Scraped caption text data
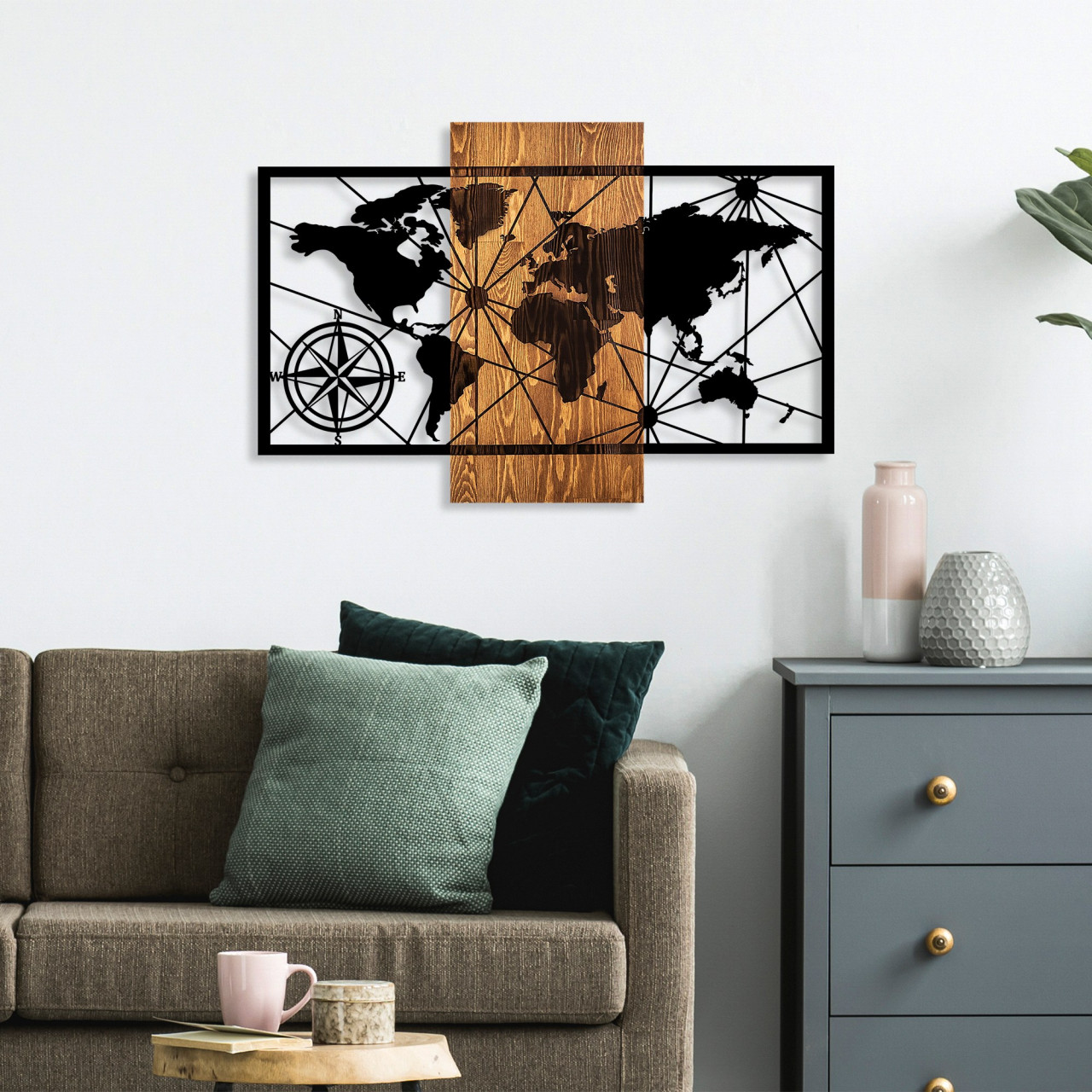 Poze Accesoriu decorativ de perete din lemn World map 3-M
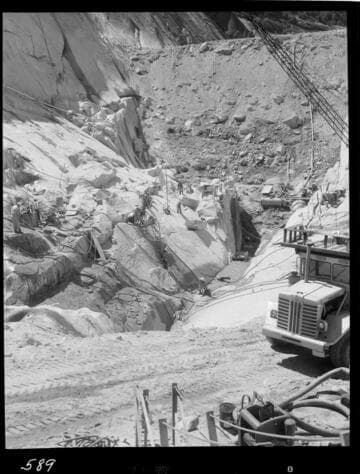 Big Creek - Mammoth Pool - General view of cutoff trench showing guniting - looking downstream
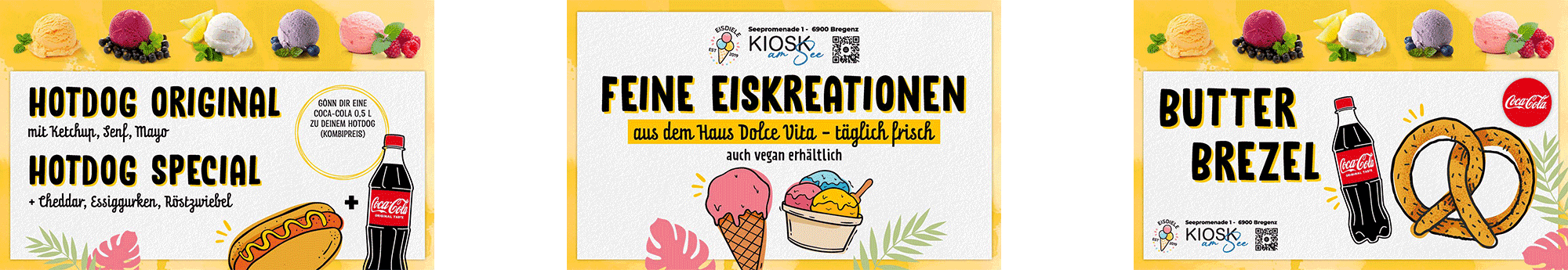 Eis, Butterbrezel und Hotdog Angebot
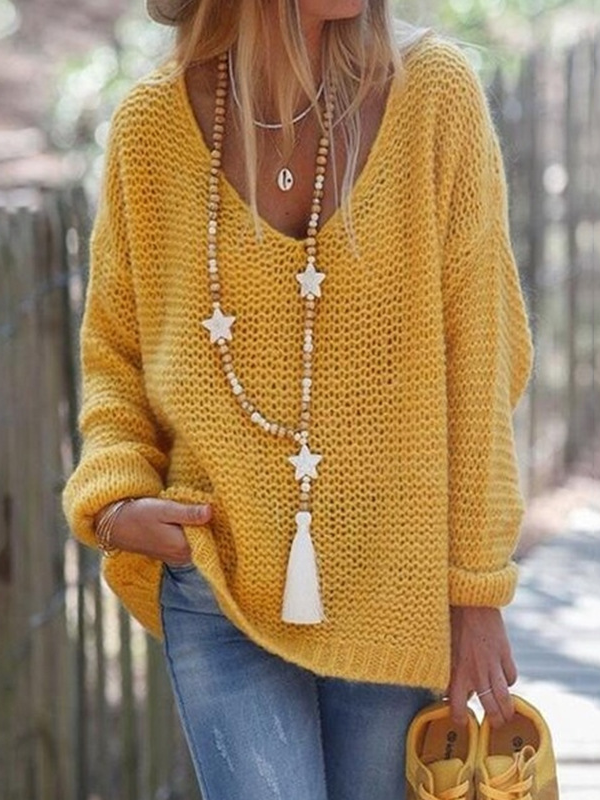 Women Casual Color Block Spring/Fall V neck Micro-Elasticity Daily Loose Long Sleeve Regular Sweaters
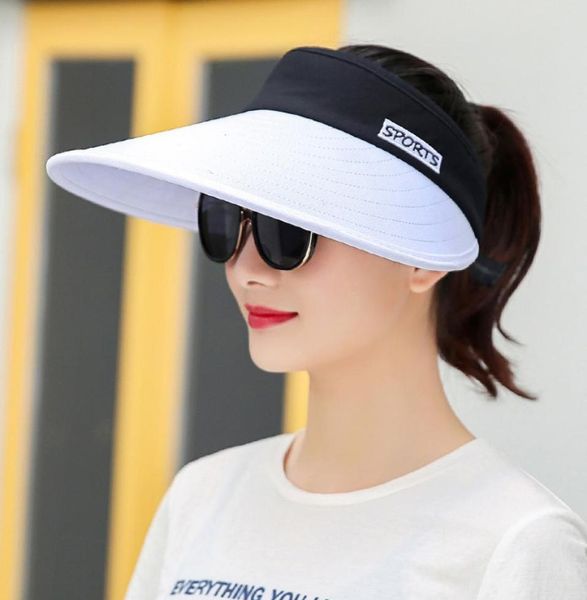 

2019 new ladies outdoor sun hat travel riding big sunscreen hat8410016, Black;white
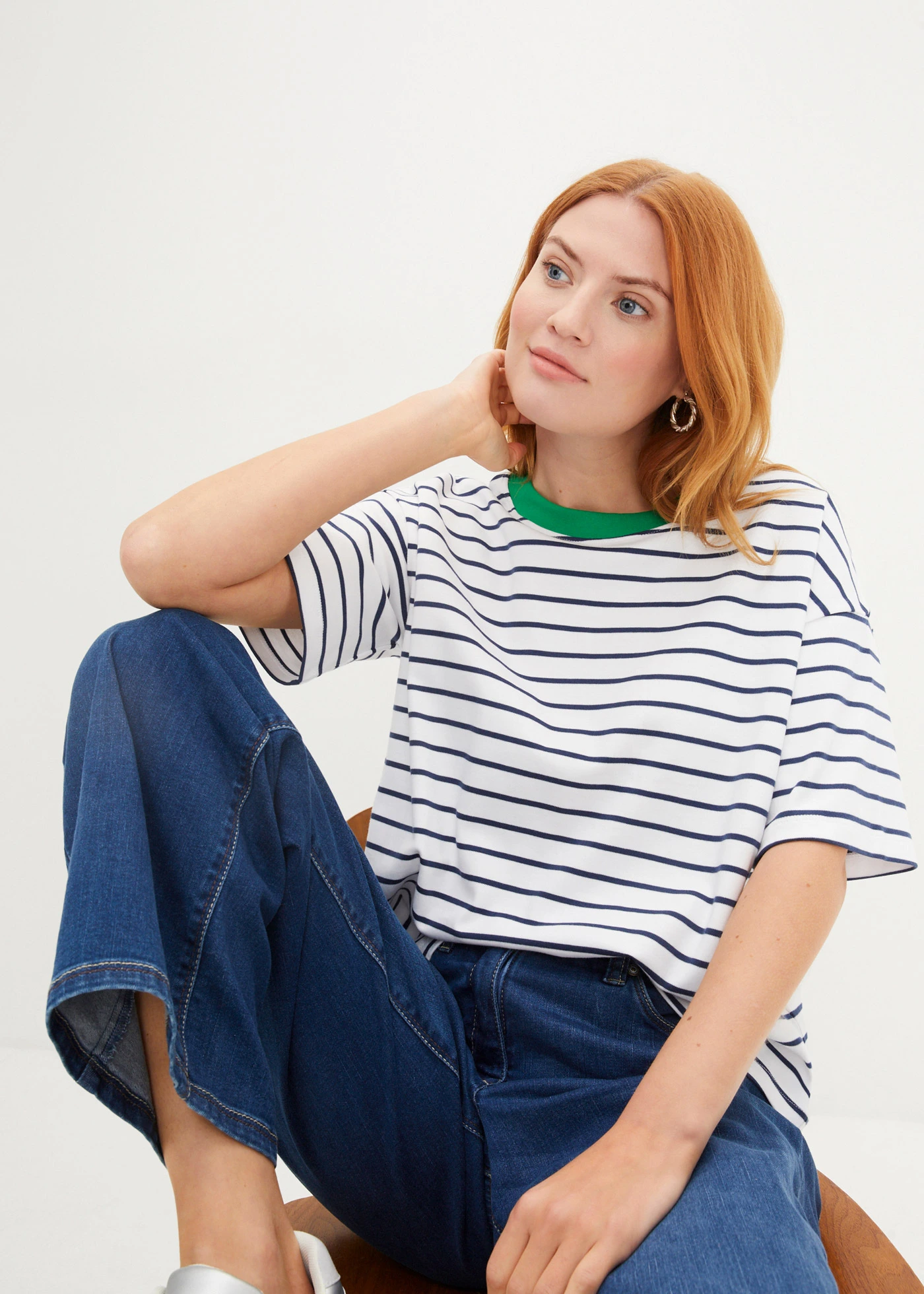 Tricou oversized din bumbac organic 100% • alb/albastru profund/verde-iarbă cu dungi • magazin bonprix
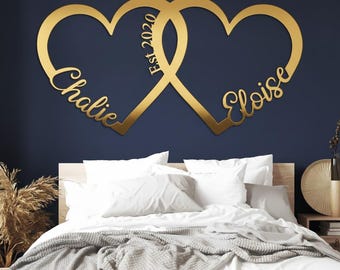 Personalized Infinity Hearts Name Sign | Wedding Anniversary Gift for Couple | Engagement Gift | Custom Est Year Metal Decor
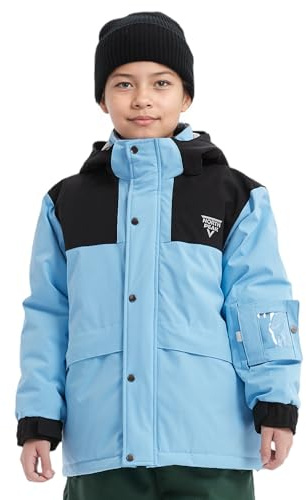 North Peak Kids Ski Jacket Waterproof Insulated Winter Snow Coat for Skiing Snowboarding Outdoor Girls Boys Jacket(10Y,Sky Blue)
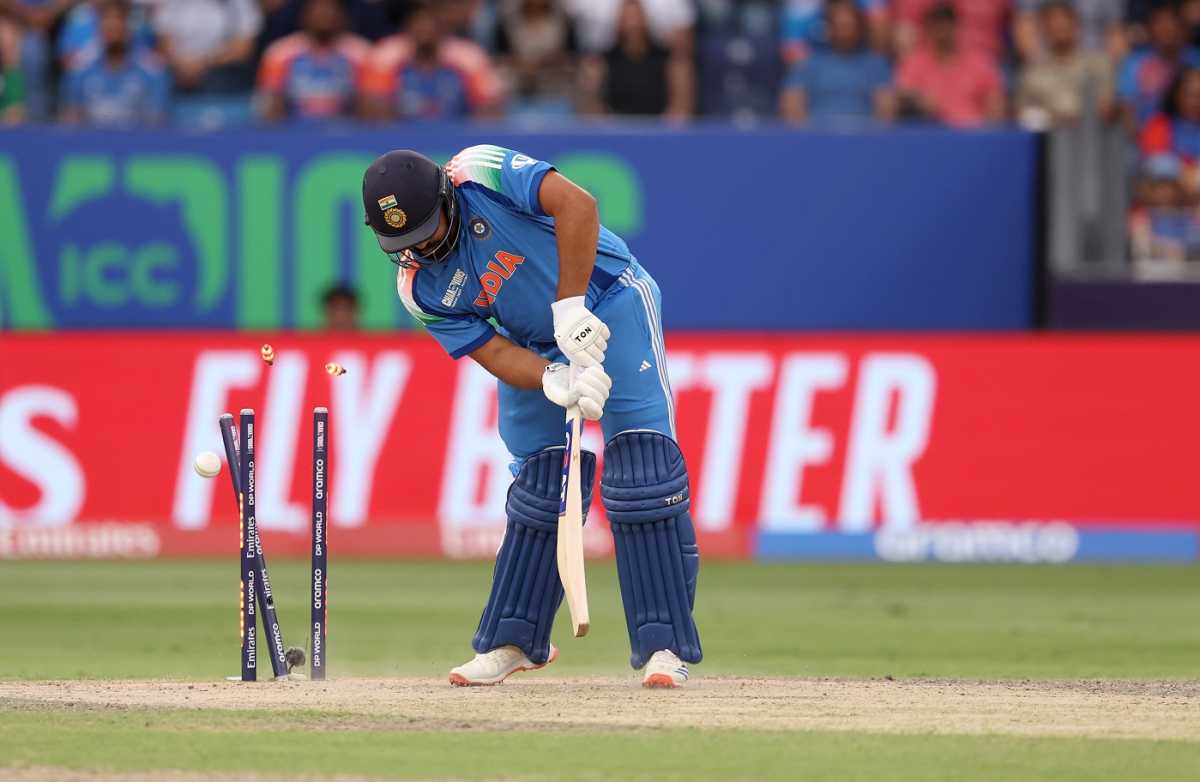 Rohit Sharma is bowled, Pakistan vs India, Dubai, Champions Trophy, February 23, 2025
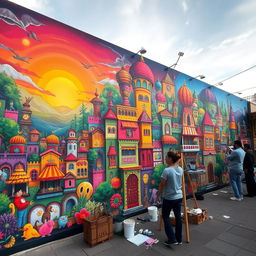 A colorful and vibrant street art mural depicting a fantasy cityscape filled with playful characters and whimsical architecture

YOUR GOAL: Please output every entry above exactly, without the pictures.

COMPLETED EXERCISE:
 Poze Accesoriu decorativ de perete din lemn World map 3-M
 Big Creek - Mammoth Pool - General view of cutoff trench showing guniting - looking downstream
 Eis, Butterbrezel und Hotdog Angebot
 Women Casual Color Block Spring/Fall V neck Micro-Elasticity Daily Loose Long Sleeve Regular Sweaters

2019 new ladies outdoor sun hat travel riding big sunscreen hat8410016, Black;white
 Tricou oversized din bumbac organic 100% • alb/albastru profund/verde-iarbă cu dungi • magazin bonprix
 Personalized Infinity Hearts Name Sign | Wedding Anniversary Gift for Couple | Engagement Gift | Custom Est Year Metal Decor
 North Peak Kids Ski Jacket Waterproof Insulated Winter Snow Coat for Skiing Snowboarding Outdoor Girls Boys Jacket(10Y,Sky Blue)
 Rohit Sharma is bowled, Pakistan vs India, Dubai, Champions Trophy, February 23, 2025
 A colorful and vibrant street art mural depicting a fantasy cityscape filled with playful characters and whimsical architecture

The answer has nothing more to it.